Ce constat est vrai dans les démocraties où le pouvoir admet le contre-pouvoir. Là où sévissent les dictateurs, le pays entier ne vaut pas une once de leur nombril,  leur ombre éclipse le peuple et la volonté de celui-ci est balayée d’un revers de la main. L’abus de pouvoir verrouille les sens.

Le despote assoit son règne s’il le faut sur des ruines et gouverner des fantômes avec la complicité des grandes puissances moralisatrices, à l’insu de Dieu. Il est à la fois le scénariste, le metteur  en scène et l’acteur, le pays tout entier. « Je suis l’Algérie » disait une voix de mauvais présage. L’hypertrophie concède au peuple à peine une place de figurant.   

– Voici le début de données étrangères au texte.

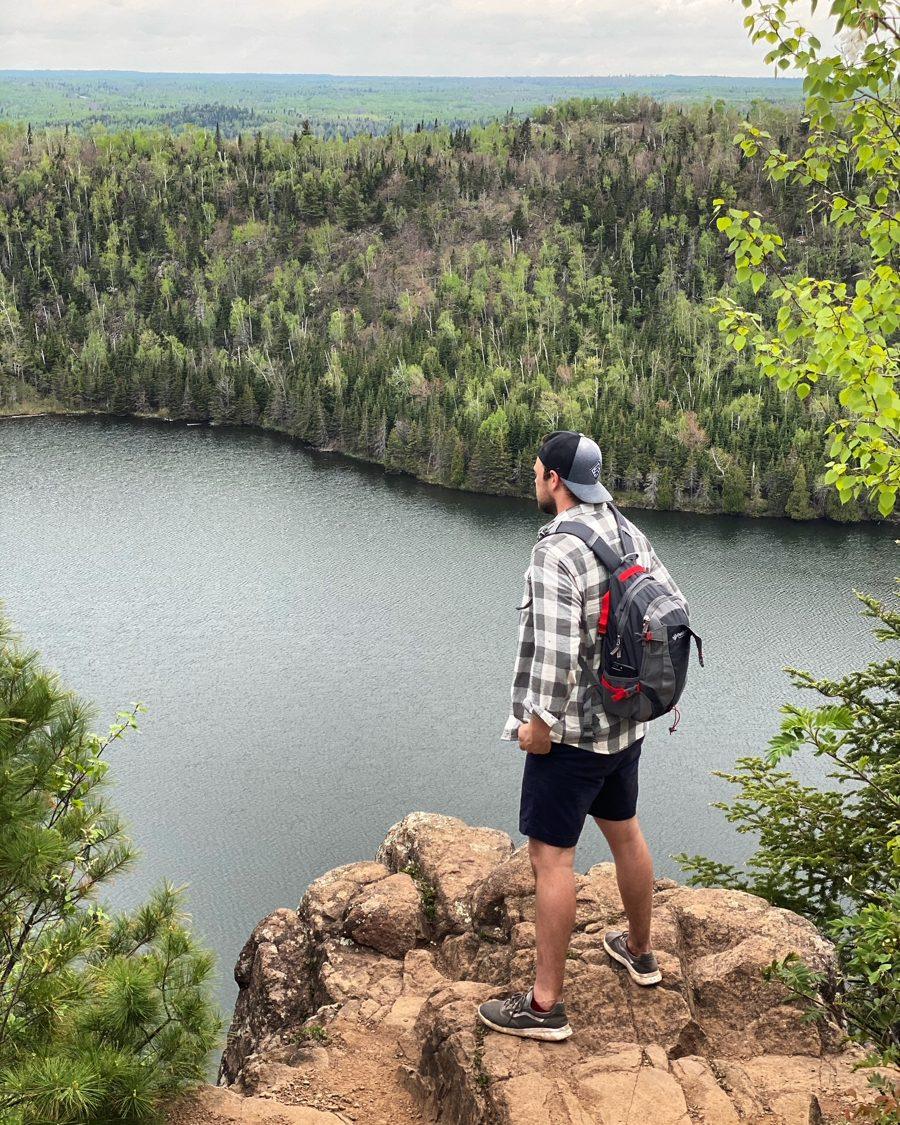 Andrew on a rocky overlook above a lake on a hike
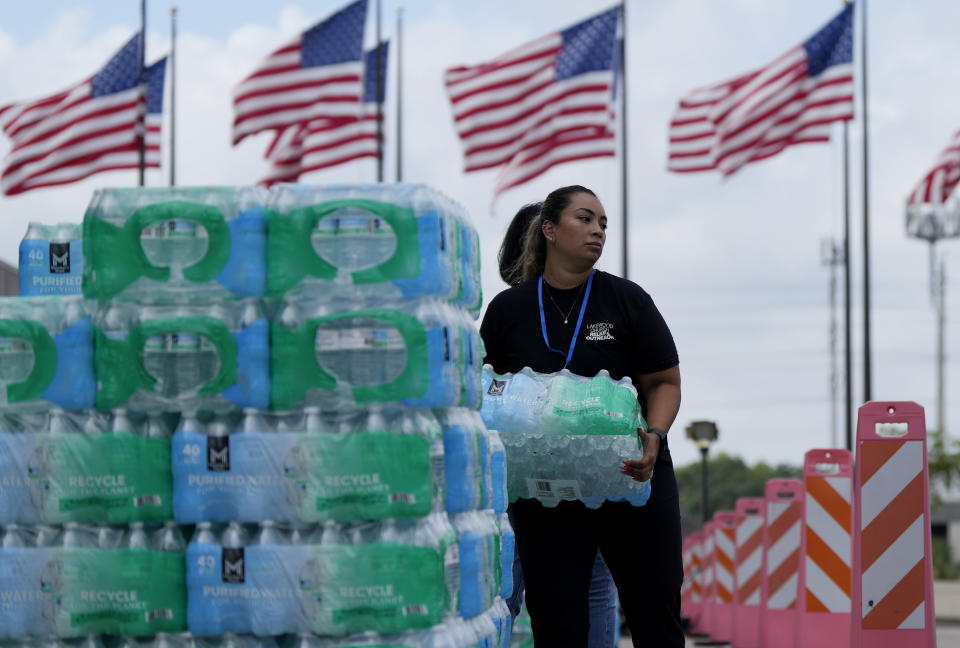 FILE - Staff at Lakewood Church hand out water and operate a cooling station, Tuesday, July 9, 2024, in Houston. As the city slowly struggles to recover after Hurricane Beryl left millions without power on Monday, July 8, experts say it's time to rethink how cities are preparing for and responding to weather disasters. (AP Photo/Eric Gay, File)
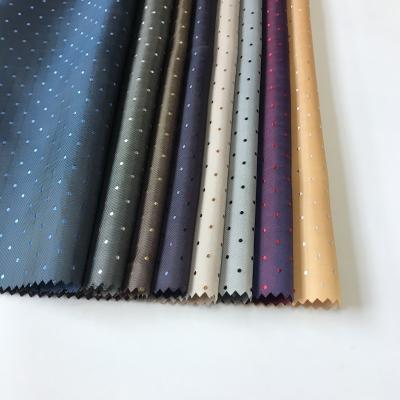 China Antistatic Hot Sale 57% Polyester 43% Viscose High Grade Striping Dot Jacquard Fabric for sale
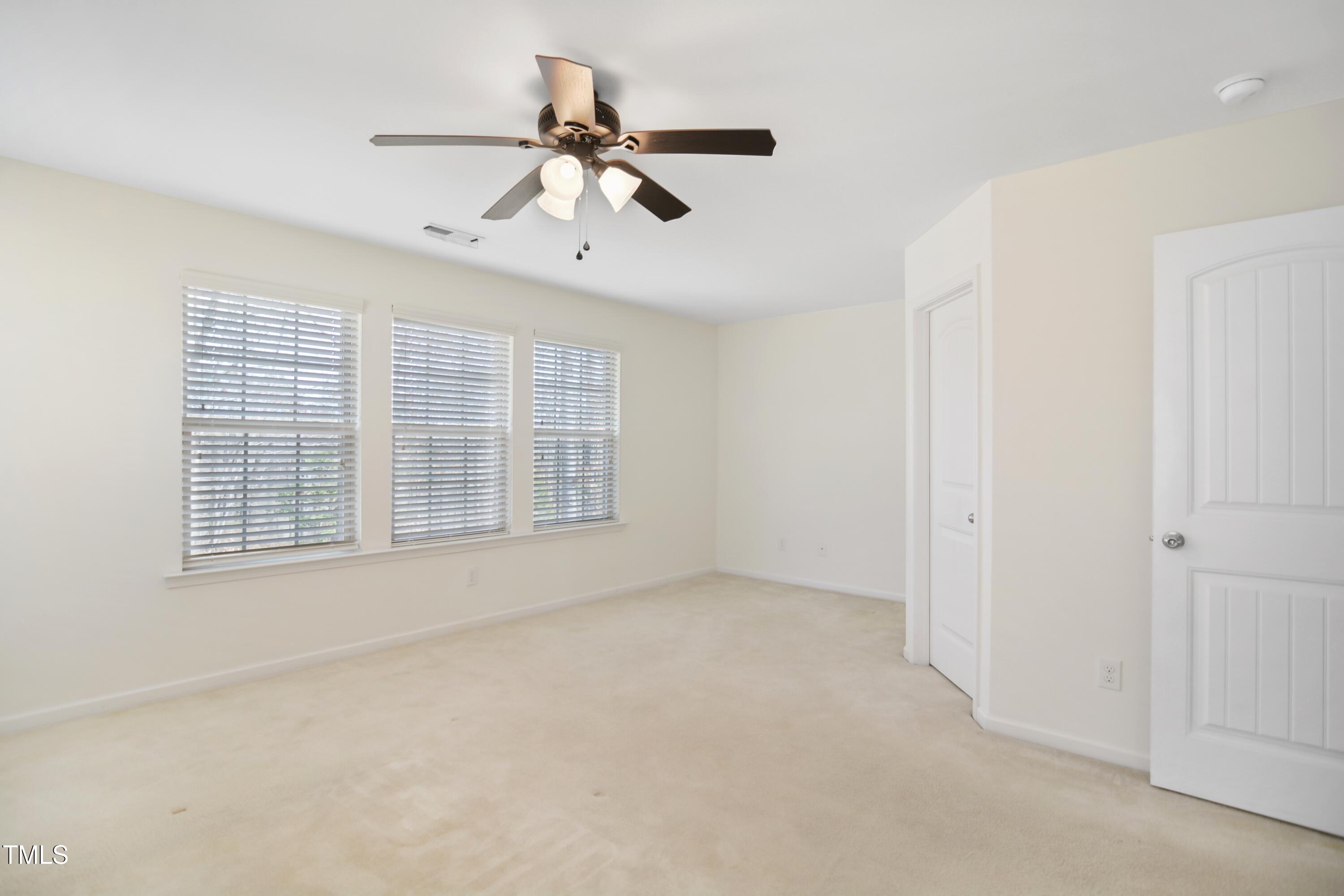 2901 Benevolence Drive Raleigh, NC 27610 - Photo 9 of 18 a view of an empty room with a window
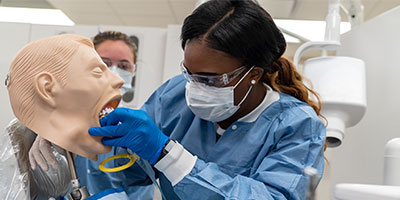 Female, African American student works on a dental dummy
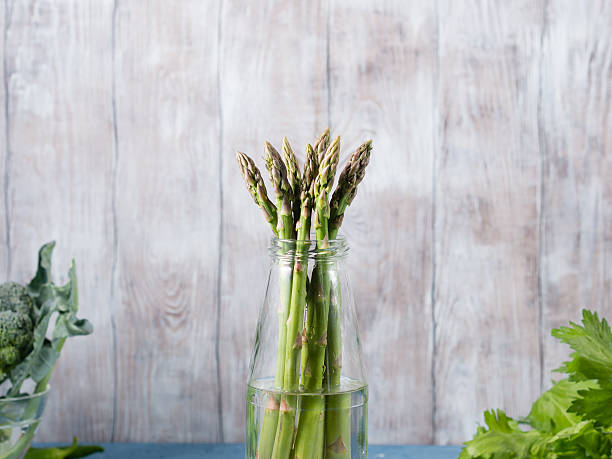 Closeup of organic asparagus in a bottle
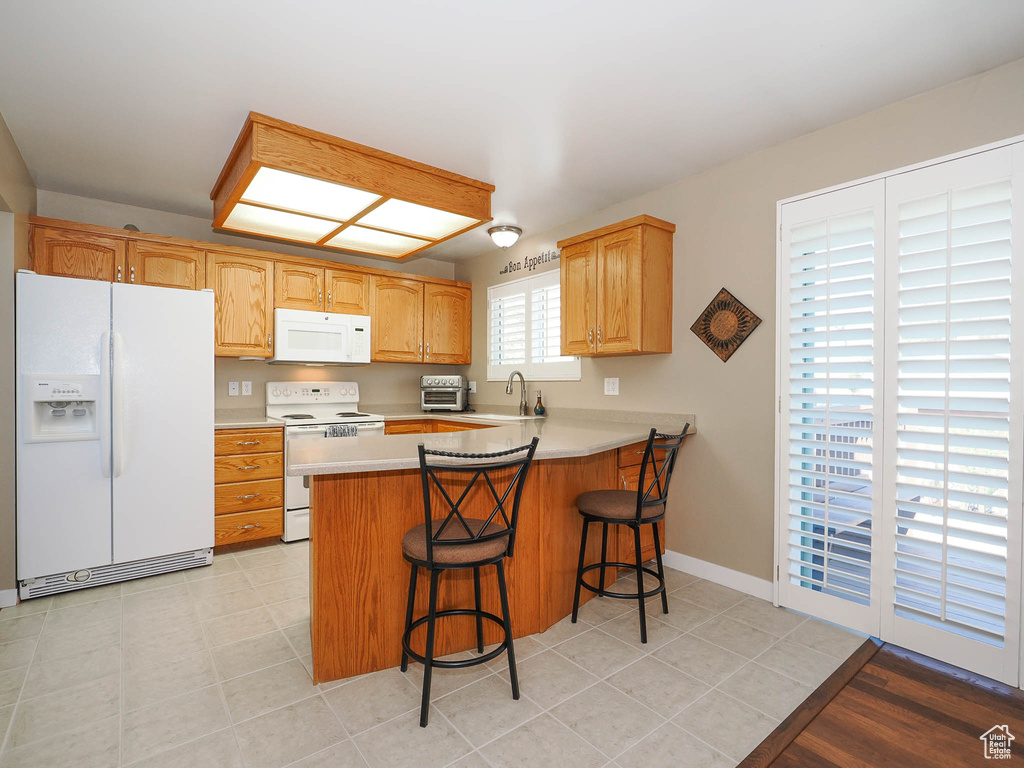 Kitchen featuring kitchen peninsula, white appliances, a breakfast bar, sink, and light tile floors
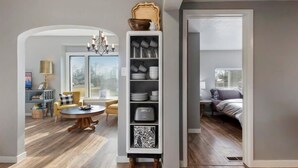 Uma sala de estar moderna com uma estante embutida, um espaço de refeições com uma mesa redonda e um ambiente aconchegante para sentar.
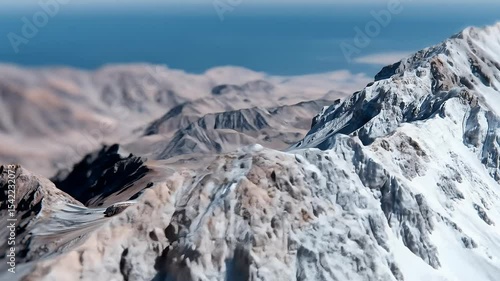 Mountain range with snow and rock formations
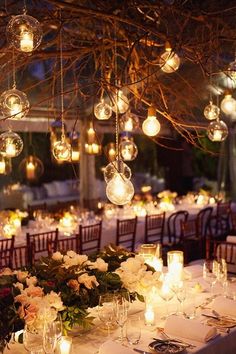 a table topped with lots of white flowers and lit up candles in front of a tree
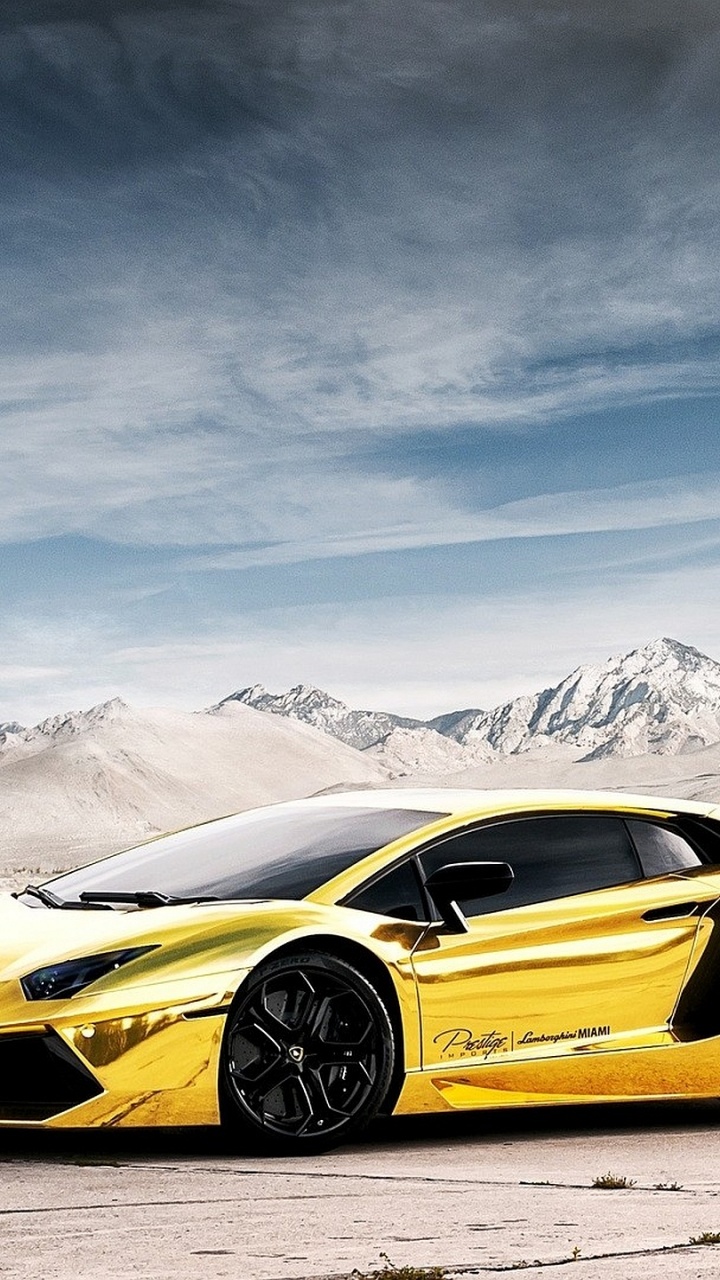 Yellow Lamborghini Aventador on Snow Covered Field During Daytime. Wallpaper in 720x1280 Resolution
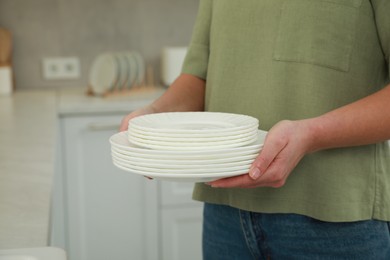 Photo of Woman holding clean plates in kitchen, closeup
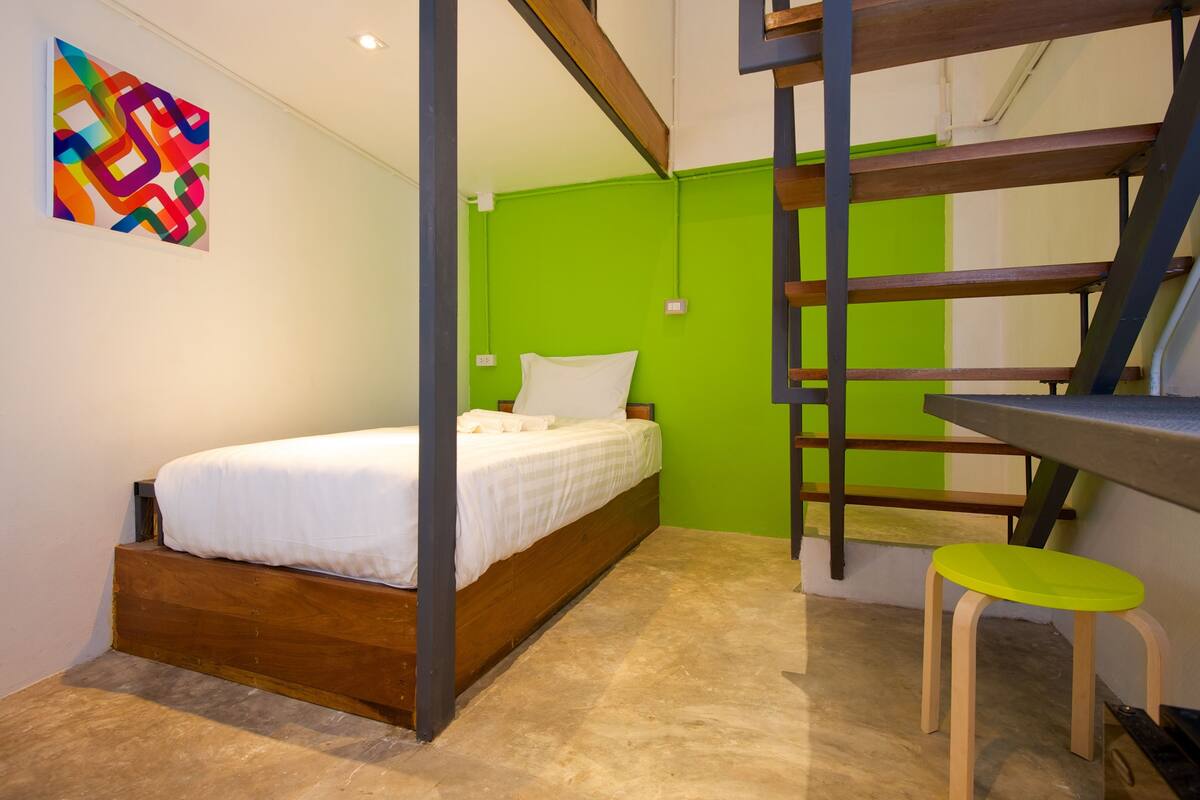 A bedroom with a bed, a green wall, a wooden desk, and a colorful abstract painting.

En attendant le vote… l’ogre fait montre des érections de force afin de piétiner pour la énième fois la volonté populaire. Dans son sac, un seul tour érodé, exhibé à chaque rendez-vous. Il appelle les figurants à se prêter au jeu sans les règles du jeu. 

En attendant le vote… les cinq visages de la honte, les cinq visages de la fausse monnaie qui ne paie ni n’achète, n’ont aucun programme à défendre sinon celui d’appeler les gens à venir voter pour rajouter des années à l’agonie du système. D’ailleurs ce magma appelé vulgairement système n’a aucune stratégie à long terme, il doit sa survie à sa capacité à se régénérer. Son cauchemar nichait dans le sommeil du peuple. Avec le réveil de celui-ci le cauchemar change de camp, il terrifie plus l’oppresseur que l’opprimé.

En attendant le vote… la résolution européenne, tombée à temps, férocement combattue par les autorités algériennes car  elle écorne l’image des décideurs soucieux de leur apparence hypocritement construite, en revanche, en vérité elle est le carburant tant espéré pour faire tourner la machinerie du complot.  Elle a permis de faire bouger certains énergumènes tapis dans l’expectative. Elle leur a fait gagner une poignée de sympathies et glaner quelques voies électorales. Face à la menace extérieure existante ou inventée, le pyromane haï redevient le pompier applaudi.  

Le contexte actuel est une scène d’affrontement des épées imaginaires. Le vainqueur est celui qui survit à l’étiquette du traître et fera persuader la majorité et les récalcitrants que c’est bien l’autre en face qui est le traître. 

En attendant le vote… les jeunes sillonnent les rues avec (Amahraz), manient le pilon dans le mortier pour sonner le glas des dirigeants grabataires actuels et à venir. 

La mémoire collective se souviendra. Elle saura choisir l’histoire dont elle se nourrira.